Offshore Energy Development: Within the Administration’s first 100 days, a new regulatory framework was established to facilitate the development of alternative energy projects in an economic and environmentally sound manner that allows us to tap into the vast energy potential of the Outer Continental Shelf (OCS). The National Renewable Energy Lab estimates that development of wind energy alone on the OCS may provide an additional 1,900 gigawatts of clean energy to the U.S.

Emissions Inventory Rule: For the first time, the U.S. will catalogue greenhouse gas emissions from large emission sources – an important initial step toward measurable and transparent reductions.

INTERNATIONAL LEADERSHIP

The Major Economies Forum (MEF): President Obama launched the MEF in March 2009, creating a new dialogue among developed and emerging economies to combat climate change and promote clean energy. At the July L’Aquila summit, MEF Leaders announced important new agreements to support the UN climate talks and launched a new Global Partnership to promote clean energy technologies.
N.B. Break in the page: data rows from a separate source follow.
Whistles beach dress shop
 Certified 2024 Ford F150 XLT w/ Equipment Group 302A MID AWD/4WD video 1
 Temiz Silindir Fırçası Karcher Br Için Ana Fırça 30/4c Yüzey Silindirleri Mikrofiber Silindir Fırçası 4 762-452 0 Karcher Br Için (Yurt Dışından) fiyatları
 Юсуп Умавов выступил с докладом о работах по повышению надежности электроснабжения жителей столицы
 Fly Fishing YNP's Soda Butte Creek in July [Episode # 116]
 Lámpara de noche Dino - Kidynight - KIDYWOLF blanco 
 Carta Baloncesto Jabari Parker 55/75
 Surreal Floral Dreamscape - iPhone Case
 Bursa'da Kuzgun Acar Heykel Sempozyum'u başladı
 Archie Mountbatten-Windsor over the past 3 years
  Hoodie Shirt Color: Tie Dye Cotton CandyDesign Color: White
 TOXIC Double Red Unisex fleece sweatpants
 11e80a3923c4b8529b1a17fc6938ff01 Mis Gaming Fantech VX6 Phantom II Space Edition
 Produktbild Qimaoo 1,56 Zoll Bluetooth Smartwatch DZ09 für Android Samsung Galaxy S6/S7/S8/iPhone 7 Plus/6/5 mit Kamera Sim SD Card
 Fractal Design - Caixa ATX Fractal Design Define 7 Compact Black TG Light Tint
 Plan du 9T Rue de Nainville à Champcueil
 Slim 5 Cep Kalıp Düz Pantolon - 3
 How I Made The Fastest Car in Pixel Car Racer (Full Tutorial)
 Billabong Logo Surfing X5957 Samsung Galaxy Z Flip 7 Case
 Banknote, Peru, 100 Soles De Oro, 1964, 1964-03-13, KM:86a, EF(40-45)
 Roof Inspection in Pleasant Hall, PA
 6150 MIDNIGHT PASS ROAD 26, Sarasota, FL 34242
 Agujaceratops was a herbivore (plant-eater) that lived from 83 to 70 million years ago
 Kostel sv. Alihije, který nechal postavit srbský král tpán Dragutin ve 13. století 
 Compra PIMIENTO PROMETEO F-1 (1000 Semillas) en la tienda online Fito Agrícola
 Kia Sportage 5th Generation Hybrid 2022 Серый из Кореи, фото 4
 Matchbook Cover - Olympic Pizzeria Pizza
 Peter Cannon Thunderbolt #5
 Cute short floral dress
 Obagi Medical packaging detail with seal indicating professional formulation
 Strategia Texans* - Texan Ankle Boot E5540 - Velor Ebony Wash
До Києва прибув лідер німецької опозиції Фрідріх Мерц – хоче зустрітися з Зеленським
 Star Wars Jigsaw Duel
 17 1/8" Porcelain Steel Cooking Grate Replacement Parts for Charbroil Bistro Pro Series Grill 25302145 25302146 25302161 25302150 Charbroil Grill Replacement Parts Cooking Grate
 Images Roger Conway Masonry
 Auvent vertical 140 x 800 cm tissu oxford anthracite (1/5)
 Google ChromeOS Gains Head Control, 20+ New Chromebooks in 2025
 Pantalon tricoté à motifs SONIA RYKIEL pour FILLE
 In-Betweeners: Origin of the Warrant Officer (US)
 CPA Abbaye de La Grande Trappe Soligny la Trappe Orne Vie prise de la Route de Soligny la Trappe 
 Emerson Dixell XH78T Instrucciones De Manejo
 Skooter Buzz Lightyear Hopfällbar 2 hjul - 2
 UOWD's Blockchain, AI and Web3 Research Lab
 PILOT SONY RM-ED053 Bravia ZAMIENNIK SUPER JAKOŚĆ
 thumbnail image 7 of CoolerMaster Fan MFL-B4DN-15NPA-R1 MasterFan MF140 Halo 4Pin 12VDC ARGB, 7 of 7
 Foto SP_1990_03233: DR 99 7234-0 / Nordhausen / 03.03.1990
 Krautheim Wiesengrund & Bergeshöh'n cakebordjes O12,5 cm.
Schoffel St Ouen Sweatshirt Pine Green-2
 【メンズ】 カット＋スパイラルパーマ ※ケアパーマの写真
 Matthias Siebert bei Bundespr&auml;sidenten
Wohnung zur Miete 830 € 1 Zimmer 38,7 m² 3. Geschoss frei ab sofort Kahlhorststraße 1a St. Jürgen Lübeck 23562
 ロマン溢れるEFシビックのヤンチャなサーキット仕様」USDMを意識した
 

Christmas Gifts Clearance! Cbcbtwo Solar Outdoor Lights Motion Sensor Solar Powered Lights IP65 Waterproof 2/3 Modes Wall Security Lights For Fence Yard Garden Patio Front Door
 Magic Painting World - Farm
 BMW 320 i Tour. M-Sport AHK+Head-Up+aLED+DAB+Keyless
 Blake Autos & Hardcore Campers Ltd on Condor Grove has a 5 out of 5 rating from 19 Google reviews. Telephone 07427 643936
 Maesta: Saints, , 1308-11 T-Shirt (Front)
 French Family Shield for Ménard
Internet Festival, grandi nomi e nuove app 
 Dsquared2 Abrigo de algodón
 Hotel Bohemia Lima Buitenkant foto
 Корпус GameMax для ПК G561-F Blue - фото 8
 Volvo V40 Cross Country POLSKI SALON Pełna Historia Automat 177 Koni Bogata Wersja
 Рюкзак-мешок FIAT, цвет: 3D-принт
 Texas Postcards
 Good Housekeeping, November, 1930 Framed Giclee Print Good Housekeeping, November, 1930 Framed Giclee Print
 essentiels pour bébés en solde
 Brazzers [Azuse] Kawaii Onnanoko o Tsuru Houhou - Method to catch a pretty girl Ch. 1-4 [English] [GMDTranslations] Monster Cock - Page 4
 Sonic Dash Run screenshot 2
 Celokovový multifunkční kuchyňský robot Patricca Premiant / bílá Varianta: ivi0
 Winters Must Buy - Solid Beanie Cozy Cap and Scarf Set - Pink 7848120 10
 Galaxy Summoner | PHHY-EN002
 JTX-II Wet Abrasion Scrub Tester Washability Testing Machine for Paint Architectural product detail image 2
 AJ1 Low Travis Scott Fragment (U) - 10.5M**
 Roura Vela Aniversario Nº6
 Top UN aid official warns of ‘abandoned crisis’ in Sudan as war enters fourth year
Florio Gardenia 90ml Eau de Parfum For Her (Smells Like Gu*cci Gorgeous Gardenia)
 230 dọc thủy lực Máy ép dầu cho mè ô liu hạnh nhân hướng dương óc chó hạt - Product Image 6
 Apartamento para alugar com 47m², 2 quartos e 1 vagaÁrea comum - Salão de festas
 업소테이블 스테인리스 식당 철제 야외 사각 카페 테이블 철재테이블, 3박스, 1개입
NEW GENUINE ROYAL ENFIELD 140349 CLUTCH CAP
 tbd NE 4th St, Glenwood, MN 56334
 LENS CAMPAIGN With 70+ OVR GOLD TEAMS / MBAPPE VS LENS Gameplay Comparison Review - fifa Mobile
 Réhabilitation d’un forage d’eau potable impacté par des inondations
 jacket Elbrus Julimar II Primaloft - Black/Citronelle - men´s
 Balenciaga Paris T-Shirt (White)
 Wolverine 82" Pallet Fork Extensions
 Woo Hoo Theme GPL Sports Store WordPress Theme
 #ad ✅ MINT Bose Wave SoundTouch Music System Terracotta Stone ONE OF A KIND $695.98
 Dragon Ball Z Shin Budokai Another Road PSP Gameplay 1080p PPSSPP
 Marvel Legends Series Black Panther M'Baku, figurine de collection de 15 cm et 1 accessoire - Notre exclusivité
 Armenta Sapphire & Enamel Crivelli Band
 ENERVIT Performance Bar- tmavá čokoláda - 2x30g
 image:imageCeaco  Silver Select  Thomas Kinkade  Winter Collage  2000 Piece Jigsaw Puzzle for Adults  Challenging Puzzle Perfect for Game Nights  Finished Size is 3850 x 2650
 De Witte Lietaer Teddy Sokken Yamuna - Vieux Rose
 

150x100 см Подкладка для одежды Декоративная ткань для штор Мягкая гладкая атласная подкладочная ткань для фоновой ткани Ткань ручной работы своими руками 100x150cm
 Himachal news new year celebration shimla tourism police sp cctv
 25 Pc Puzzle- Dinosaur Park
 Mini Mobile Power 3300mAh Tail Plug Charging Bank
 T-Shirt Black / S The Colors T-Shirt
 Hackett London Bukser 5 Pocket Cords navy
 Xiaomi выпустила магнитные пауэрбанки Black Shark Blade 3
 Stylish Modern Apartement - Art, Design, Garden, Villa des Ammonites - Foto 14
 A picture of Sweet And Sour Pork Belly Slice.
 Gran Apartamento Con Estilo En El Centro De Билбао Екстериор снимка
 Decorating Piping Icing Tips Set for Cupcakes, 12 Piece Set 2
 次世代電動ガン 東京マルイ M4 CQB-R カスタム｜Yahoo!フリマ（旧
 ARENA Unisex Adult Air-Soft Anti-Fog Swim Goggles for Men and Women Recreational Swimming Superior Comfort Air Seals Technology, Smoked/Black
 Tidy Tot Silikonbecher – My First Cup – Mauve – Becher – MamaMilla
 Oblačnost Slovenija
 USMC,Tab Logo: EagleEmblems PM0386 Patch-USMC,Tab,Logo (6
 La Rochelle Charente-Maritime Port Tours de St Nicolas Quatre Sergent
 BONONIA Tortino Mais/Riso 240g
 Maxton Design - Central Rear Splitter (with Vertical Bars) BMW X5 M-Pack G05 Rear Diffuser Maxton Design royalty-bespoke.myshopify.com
Eliminating Fossil Fuel Subsidies: The President spearheaded an agreement at the Pittsburgh G20 summit for all G20 nations to phase out their fossil fuel subsidies over the medium term and to work with other countries to do the same. Asia-Pacific Economic Cooperation nations followed the G20 lead at their summit in Singapore, expanding the number of countries committing to these subsidies. According to the International Energy Agency, this measure alone could reduce global greenhouse gas emissions 10 percent or more by 2050.

Bilateral Energy and Climate Partnerships: The U.S. is accelerating its collaboration with China, India, Mexico, Canada and other key international partners to combat climate change, coordinate clean energy research and development, and support the international climate talks.

Energy and Climate Partnership for the Americas: President Obama proposed a partnership with our neighbors in the western hemisphere to advance energy security and combat climate change. An early product of this cooperation is Chile’s Renewable Energy Center, which receives technical support from the U.S. Department of Energy.

Phasing Down HFCs (Hydrofluorocarbons): The U.S. joined Canada and Mexico in proposing to phase-down HFC emissions, a very potent greenhouse gas, in developed and developing countries under the Montreal Protocol. This represents a down payment of about 10% of the emission reductions necessary to cut global greenhouse gas emissions to half their current levels by 2050.